He delivered the same message directly to Bush, Cheney and Hadley at the White House.

Victory had to be the goal, he told all. Don't let it happen again. Don't give an inch, or else the media, the Congress and the American culture of avoiding hardship will walk you back.

He also said that the eventual outcome in Iraq was more important than Vietnam had been. A radical Islamic or Taliban-style government in Iraq would be a model that could challenge the internal stability of the key countries in the Middle East and elsewhere.

Kissinger told Rice that in Vietnam they didn't have the time, focus, energy or support at home to get the politics in place. That's why it had collapsed like a house of cards. He urged that the Bush administration get the politics right, both in Iraq and on the home front. Partially withdrawing troops had its own dangers. Even entertaining the idea of withdrawing any troops could create momentum for an exit that was less than victory.

In a meeting with presidential speechwriter Michael Gerson in early September 2005, Kissinger was more explicit: Bush needed to resist the pressure to withdraw American troops. He repeated his axiom that the only meaningful exit strategy was victory.

"The president can't be talking about troop reductions as a centerpiece," Kissinger said. "You may want to reduce troops," but troop reduction should not be the objective. "This is not where you put the emphasis."

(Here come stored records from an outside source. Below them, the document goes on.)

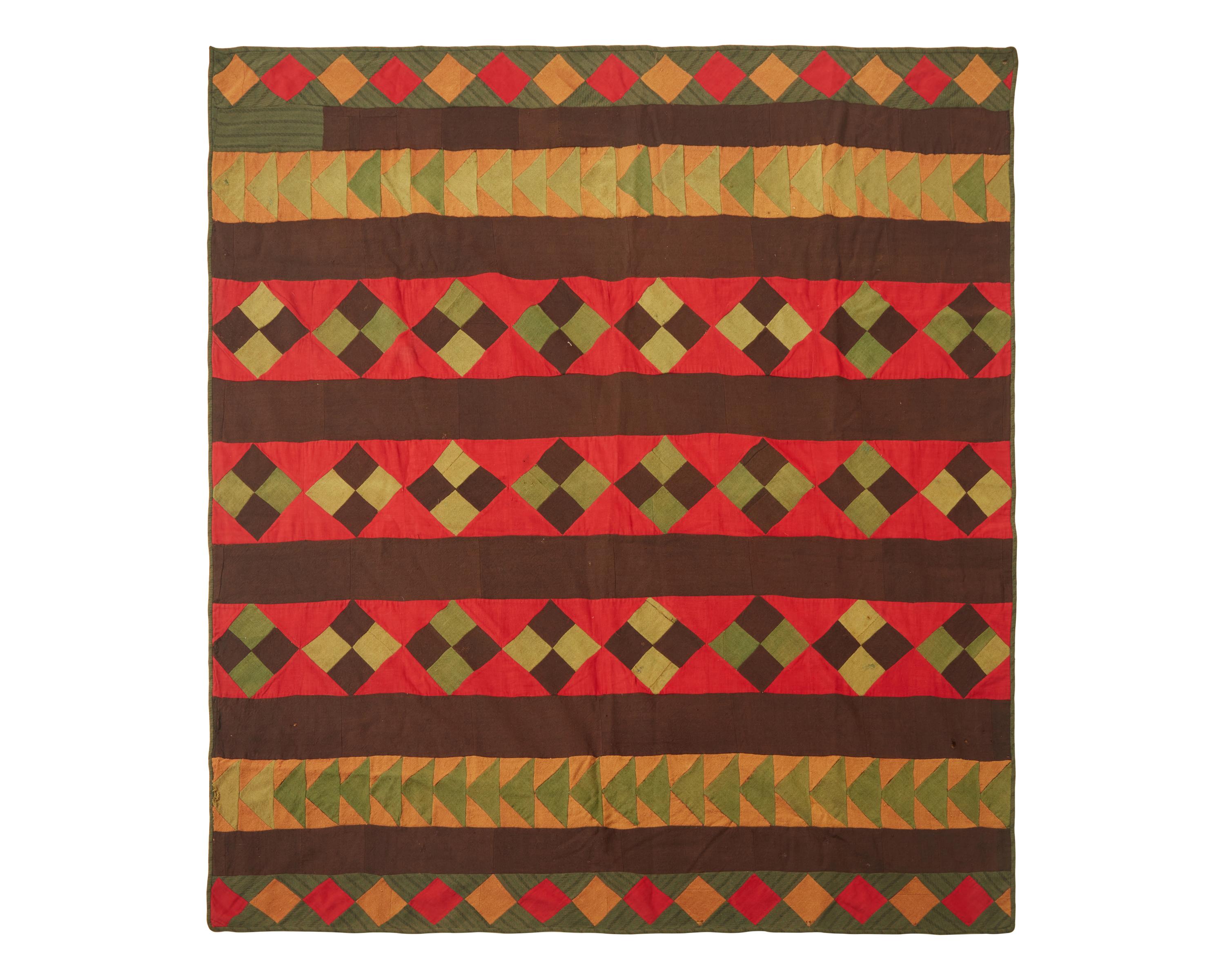 A Pieced Wool "Flying Geese" Quilt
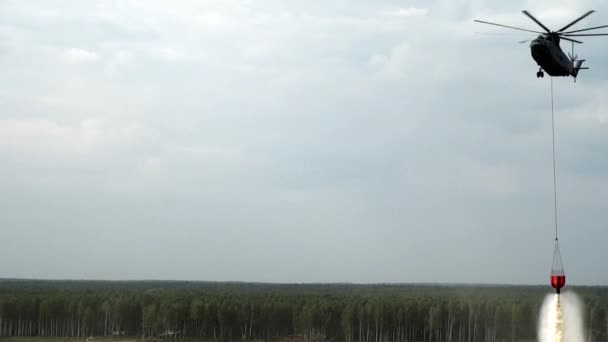 Red hanging scoop from a fire helicopter dumps water on gray sky background. — Stock Video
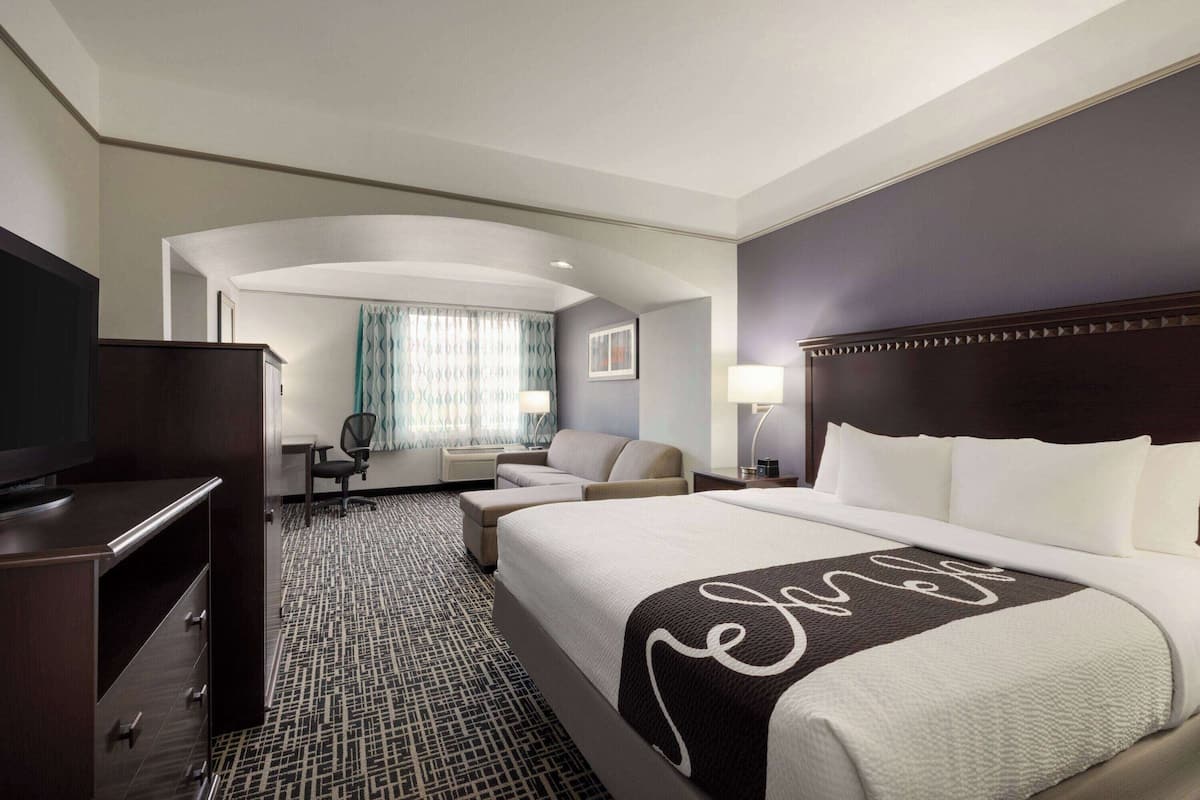 A hotel room with a large bed, a desk, a chair, a TV, and a window with curtains.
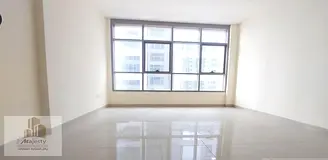 For sale in Sharjah, Al Nahda area: Master bedroom and living room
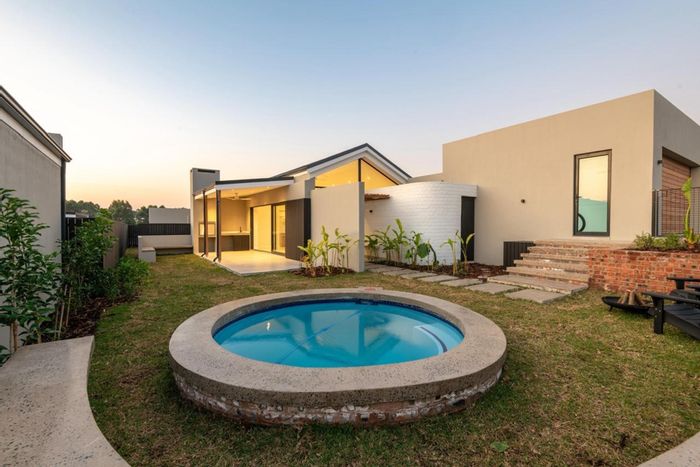 For Sale: House in Elaleni Coastal Forest Estate with pool, clubhouse, and solar features.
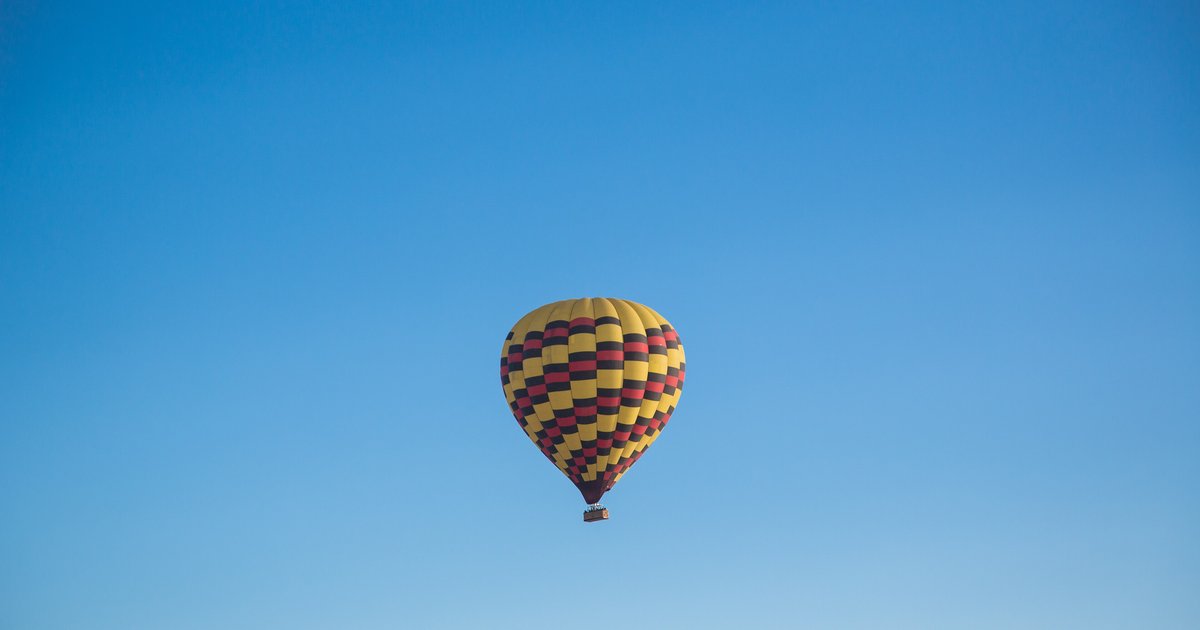 Balão de ar quente com listras amarelas e roxas flutuando sozinho num céu azul limpo, em Napa Valley.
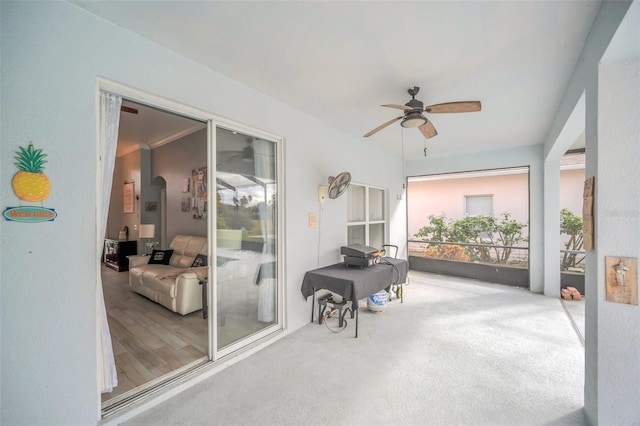 sunroom featuring ceiling fan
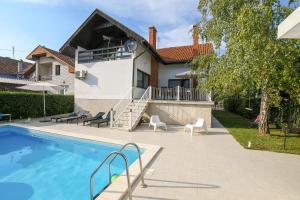 a house with a swimming pool in front of it at Villa Mina Kladovo, 5-Bedroom Villa with Pool for up to 12 People in Kladovo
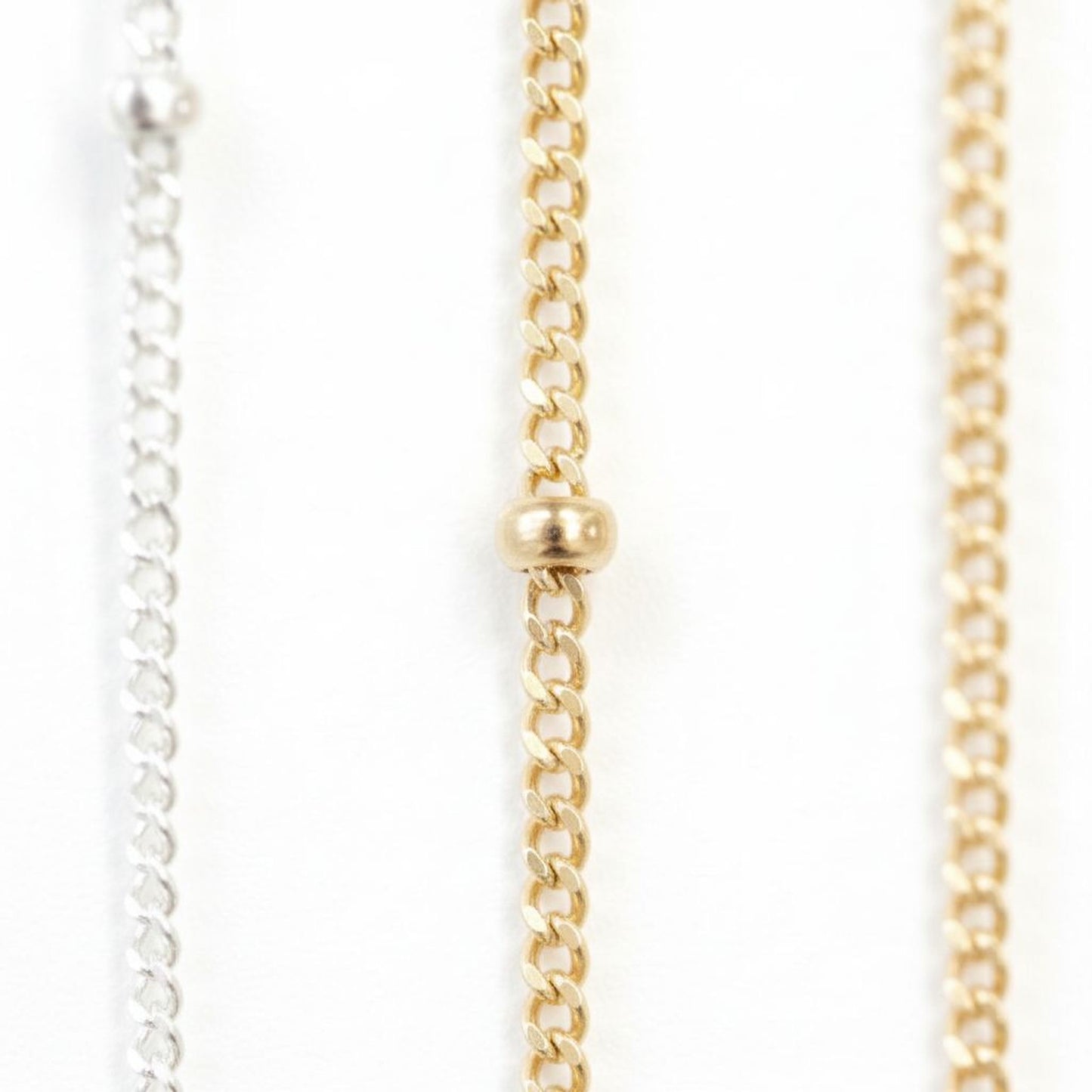 a close-up view of three different chain necklaces, each with a gold-colored metal chain and a small gold-colored bead at the center.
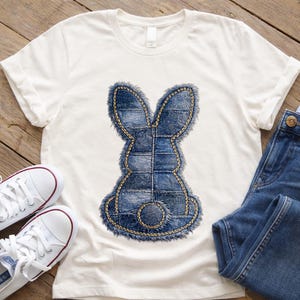 Puede incluir: Camiseta blanca con un diseño de conejo estilo denim. El conejo está hecho de parches de mezclilla azul con un contorno cosido amarillo. Un par de zapatillas blancas y unos vaqueros azules también están en la imagen.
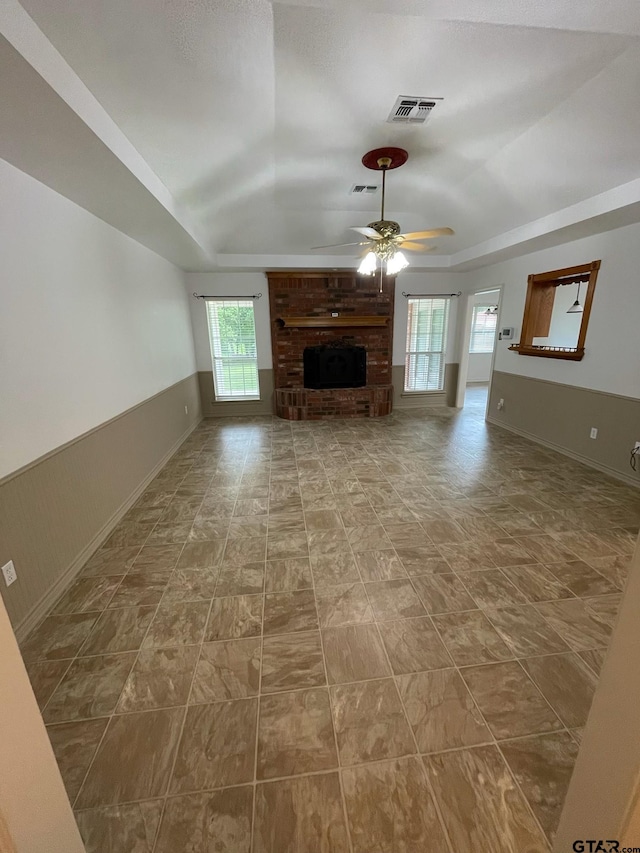 120 An County Road 4287, Palestine, TX 75803 - unfurnished living room featuring wainscoting, ceiling fan, a raised ceiling, and visible vents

To emphasize his point, he gave Gerson a copy of a memo he had written to President Richard M. Nixon, dated Sept. 10, 1969.

"Withdrawal of U.S. troops will become like salted peanuts to the American public; the more U.S. troops come home, the more will be demanded," he wrote.

The policy of "Vietnamization," turning the fight over to the South Vietnamese military, Kissinger wrote, might increase pressure to end the war because the American public wanted a quick resolution. Troop withdrawals would only encourage the enemy. "It will become harder and harder to maintain the morale of those who remain, not to speak of their mothers."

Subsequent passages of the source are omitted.